Lo sciopero a scuola? Fumo sociologico

Caro Granzotto, comincio a capire l’editore de la Repubblica De Benedetti che ha deciso di farsi cittadino svizzero. E Mussolini che diceva che governare gli italiani non è difficile, ma è inutile. Ma come si può essere più in malafede dei politici e dei sindacalisti che chiamano la piazza a manifestare e a scioperare contro la riforma Gelmini? Come possono definire la reintroduzione del grembiule, del maestro unico, del voto in condotta e dei voti in cifre «provvedimenti devastanti che provocheranno gravissimi danni al sistema dell’istruzione pubblica» o, come ha detto Veltroni, che mirano ad «aumentare le diseguaglianze»? Io capisco che nella polemica politica ogni argomento è buono, ma indire lo sciopero generale per un grembiule da indossare in aula mi sembra demenziale e mi vergogno un po’ di essere italiano.

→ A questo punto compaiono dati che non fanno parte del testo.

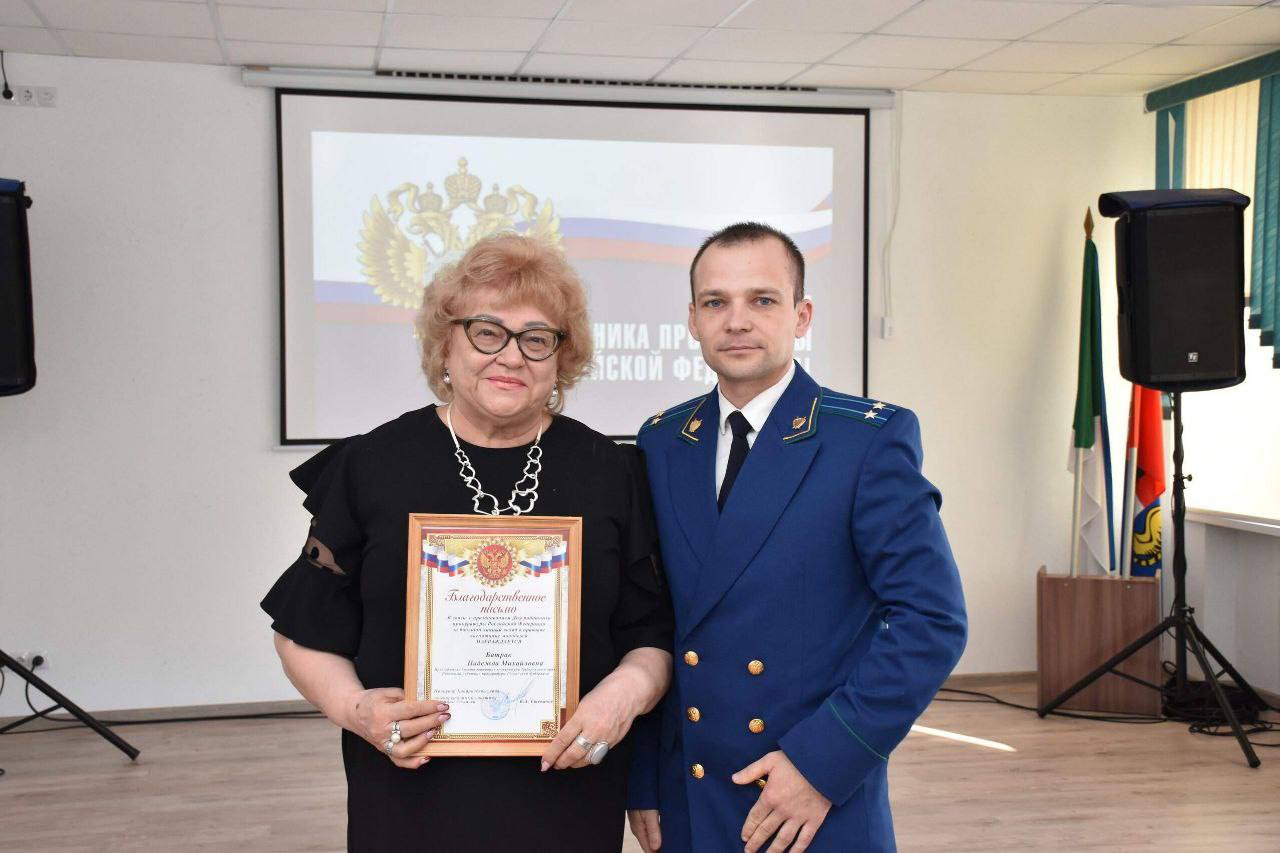 В прокуратуре Хабаровского края состоялись встречи ветеранов и пенсионеров ведомства, посвященные профессиональному празднику В прокуратуре Хабаровского края состоялись встречи ветеранов и пенсионеров ведомства, посвященные профессиональному празднику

Demenziale sì, ma anche facile, caro De Marco. La scuola è infatti di natura sciopereccia: lo sono gli studenti delle classi superiori che preferiscono di gran lunga sfilare in corteo che non stare dietro i banchi. Lo sono gli insegnanti ex sessantottini o quelli, più giovani, che di Sessantotto ne sognano uno nuovo (come potrebbe chiamarsi, nel caso? Zerotto? E loro zerottottini? Mah). Lo sono quei genitori girotondini che hanno preso gusto a partecipare alle manifestazioni di piazza con il pupo, iscritto alla materna, a cavalluccio. Insomma, vedendola dal punto di vista della partecipazione, a proclamare uno sciopero della scuola si fa sempre centro. Che poi tutto l’ambaradam non abbia senso, i primi a saperlo sono proprio i promotori e i loro fiancheggiatori (la sedicente società civile, cioè). I provvedimenti adottati dal ministro Gelmini sono infatti difficilmente censurabili anche dall’oppositore più in malafede che ci sia. E sul risvolto che più attiene alle premure sindacali, il taglio delle cattedre e di conseguenza lo sfoltimento del personale insegnante, ha già detto la sua il Capo dello Stato riconoscendone la necessità. E la cosa finisce lì. Sul resto, la sinistra procede a tentativi di arrampicata sugli specchi. «Il grembiule a scuola è una maschera ipocrita», titolava un mese fa l’Unità, dedicandogli, al grembiule, ben un’intera pagina. A sostegno del concetto, il giornale che fu di Gramsci, mica di Gianni e Pinotto, chiamò Mario Lodi, «il maestro per eccellenza», il «pedagogista ad honorem». Diceva Lodi che siccome il grembiule «è una maschera che copre le diversità» non c’è ragione di metterlo «uguale per tutti quando sappiamo che i bambini sono tutti diversi». Non contento, aggiunse: perché, visto che ci sono le diversità, «non cogliere in esse la ricchezza dello scambio reciproco?». E lei capisce, caro De Marco, che quando uno se ne esce con le ricchezze dello scambio reciproco, significa che proprio non sa cosa dire e butta là un po’ di tritume sociologico a mo’ di fumo negli occhi. Lodi naturalmente non si limitava a deprecare il grembiule, ma anche i voti («un ritorno alla scuola per analfabeti») e il maestro unico.

Concludendo che le riforme della Gelmini «sono frattaglie» e che la scuola giusta, che funzionava, che formava, che dialogava, che impostava «le fondamenta della società democratica» era la sua, fine anni Quaranta. Guarda caso proprio la scuola dei grembiuli, dei voti compreso quello in condotta e del maestro unico. Però fa l’istess: sciopero!